Academic journal article Economic Inquiry

Has Production Management Improved since 1984?

Academic journal article Economic Inquiry

Has Production Management Improved since 1984?

Article excerpt

Kim and Nelson (1999) and others have recently presented evidence of a dramatic decline in the volatility of real gross domestic product (GDP). When the data are plotted, the break date is easily identified as 1984. Kim and Nelson conclude that the enhanced stability is broadly based. But statistical analysis by McConnell and Perez-Quiros (2000; hereafter MPQ) points to reductions in inventory volatility in the durables sector as the source of the newfound stability. Although inventory investment is a very small component of GDP, changes in inventory investment are one of the most volatile components of changes in GDP. Ramey and West (1999) calculate that declines in inventory investment typically account for 49% of reductions in U.S. GDP during recessions. Inventories in the durables sector are substantially more volatile than in the nondurables sector, and thus inventory investment in this sector is more likely to contribute to macroeconomic instability.

The 1984 break date is intriguing because it coincides with the rising popularity of new production management techniques, such as Just-in-Time (JIT). (1) Hall (1983) describes JIT as an emphasis on "producing exactly what is needed and conveying it to where it is needed precisely when required." He cites several components to the successful implementation of JIT, but one of the major components is flexible production implying rapid response and the ability to profitably produce only what is immediately required. In this ideal environment, no unfilled orders or finished goods are accumulated, and whatever raw materials and work-in-process must be accumulated are quickly processed. More generally, the more flexible and well-coordinated the production process, the more quickly output can respond to a demand shock. (2)

The questions addressed here are as follows:

1. Is there evidence of structural change in output?

2. Did the structural change (if any) occur around 1984?

3. Did output track demand more closely following the structural change?

The answers to all three questions must be yes to support the contention that improved production management is responsible for the stabilization of GDP. The analysis is carried out at the industry level to identify those industries that satisfy the criteria. The quality of production management is measured as the difference between the log of output and the log of new orders, both measured monthly. New orders represent demand and are equivalent to sales among firms that hold no unfilled orders. If the firm achieves the ideal efficiency, then output is identical to demand. More generally, efficiency is reflected in the time required for the firm to return inventories and unfilled orders to their target values following a shock to demand or output. An increase in efficiency implies a more rapid output response to demand shocks so that any differences between output and demand are resolved more rapidly.

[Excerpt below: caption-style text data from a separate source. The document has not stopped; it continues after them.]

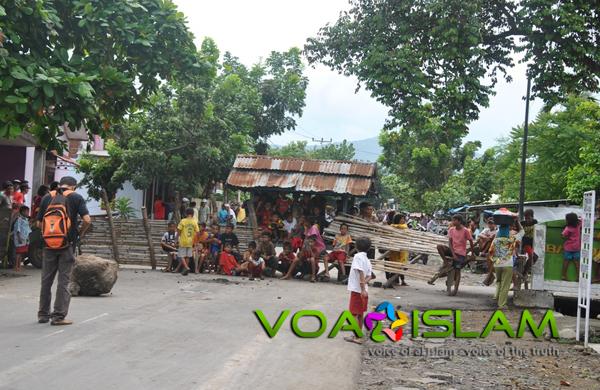 Jalan Diblokir, Warga Dompu Marah Tuntut Otopsi Ulang Sirajudin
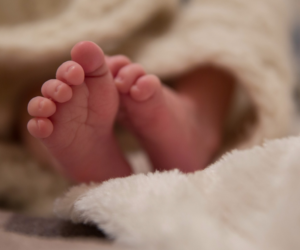 BebÃª de 2 meses morre e PM desconfia de babÃ¡ que riu durante ligaÃ§Ã£o ao SAMU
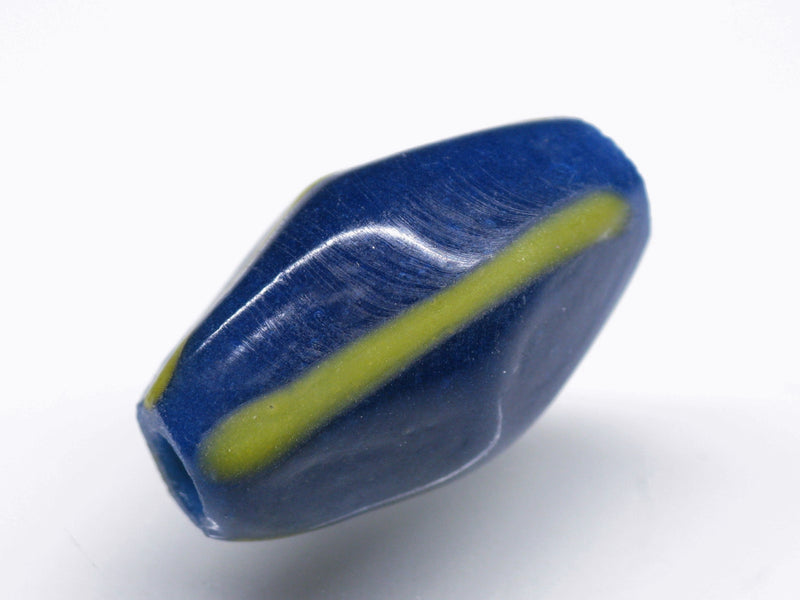 TOKO-BEADS AG052S-04 Glass bead 12~13mm AG052S-04 柄付ひし形とんぼ玉 12~13mm Asian bead & African bead  Handmade,Lampeork,bead,asia,india,ethnic,parts,accessory,beads とんぼ玉,ビーズ,トンボ玉,アジア,インド,エスニック,手作り,パーツ,アクセサリー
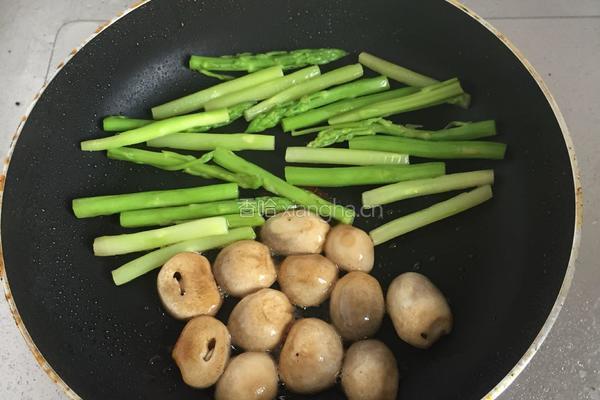 西冷牛排配芦笋袖珍菇的做法图解13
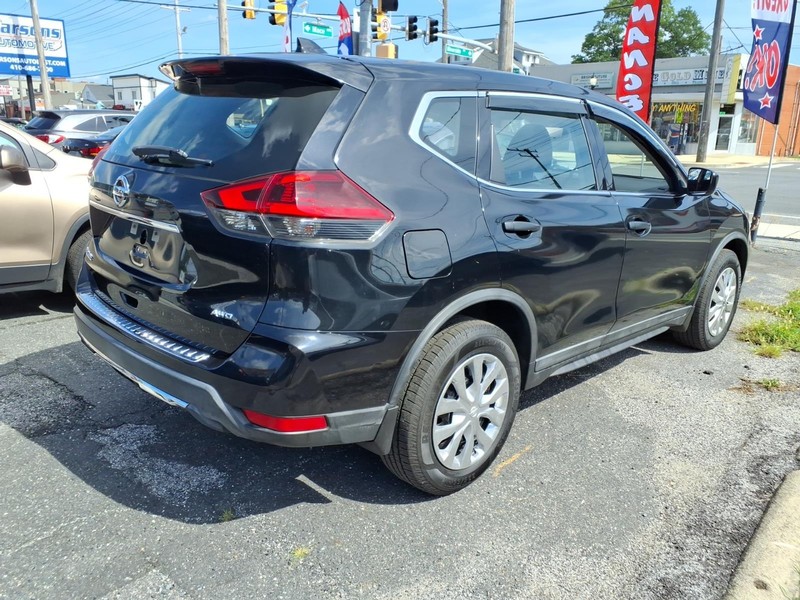 Nissan Rogue Vehicle Full-screen Gallery Image 06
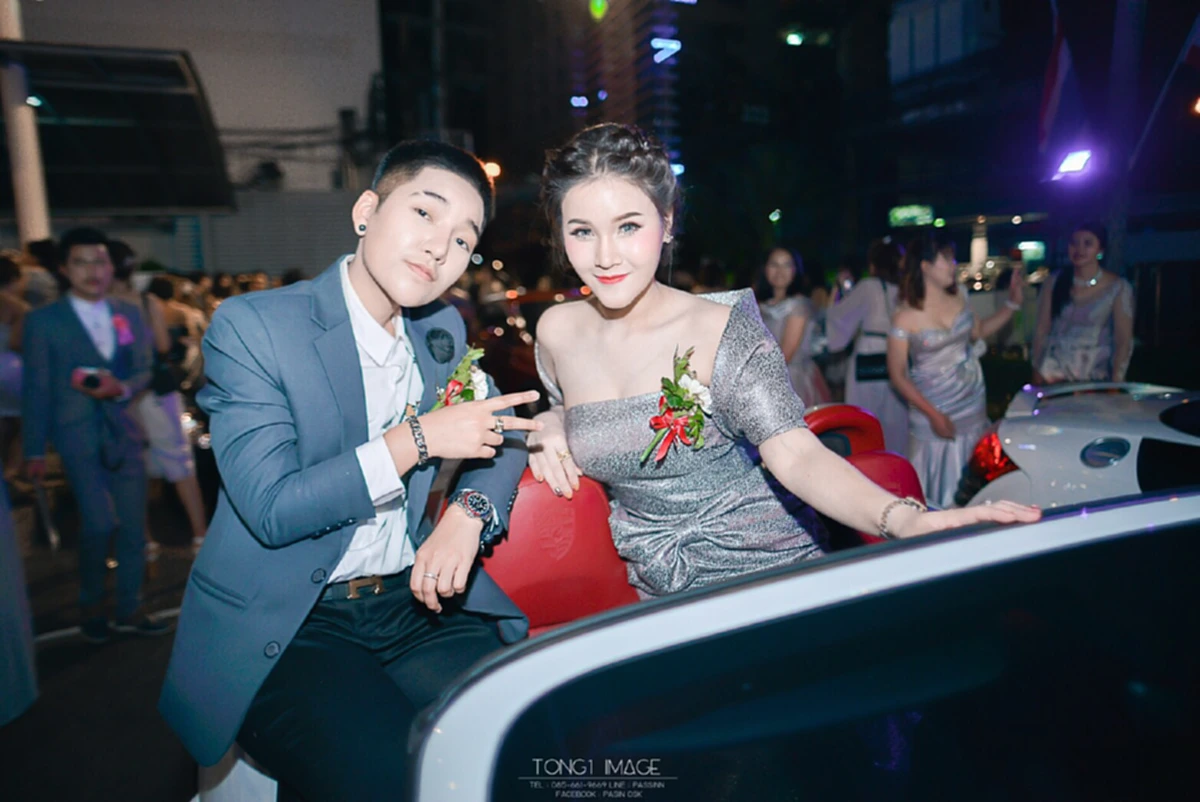 ครอบครัวสั่งขาด!! ห้ามคบทอม "ลูกสาวนักการเมือง" ควงสาวหล่อเข้ากรุงฯ พิสูจน์รักแท้ ผันตัวเองสู่สาวน้อย 100 ล้าน!!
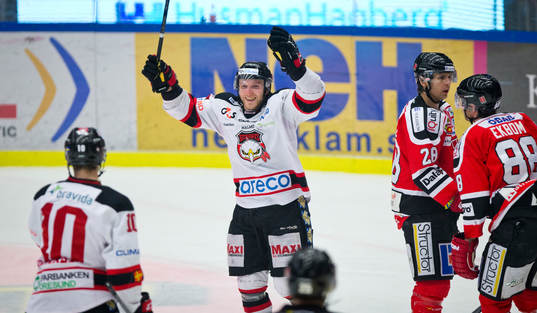 Malmö Redhawks Robin Alvarez gör 0-2 till Malmö och
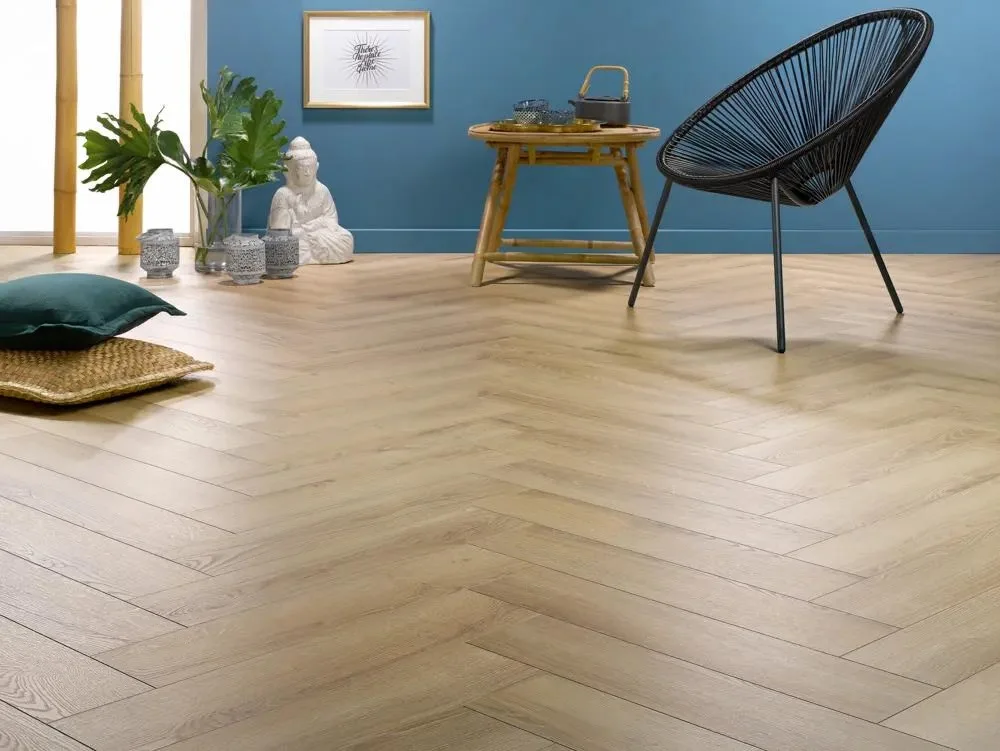 Ламинат Homflor Herringbone 12 BR Sunset 471 венгерская елка 644×143×12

Structural change is identified with tests for structural change with unknown break dates developed by Andrews (1993) and Andrews and Ploberger (1994). Following Herrera and Pesavento's (2004) industry-level analysis, the tests allow for multiple breaks. Their tests for stability are conducted on univariate autoregressive models of sales and inventories by stages of fabrication. Here, the growth rate of output or the difference between the log of output and the log of new orders is the dependent variable allowing for a direct observation of structural change in the variable of interest. In addition, the models are richer in that variables such as new orders and raw materials are included on the right-hand side to determine the sensitivity of the break date to potential sources of any change in output behavior.

Several studies in addition to Herrera and Pesavento's (2004) have examined industry-level data for evidence of structural change that might indicate improvements in production management. …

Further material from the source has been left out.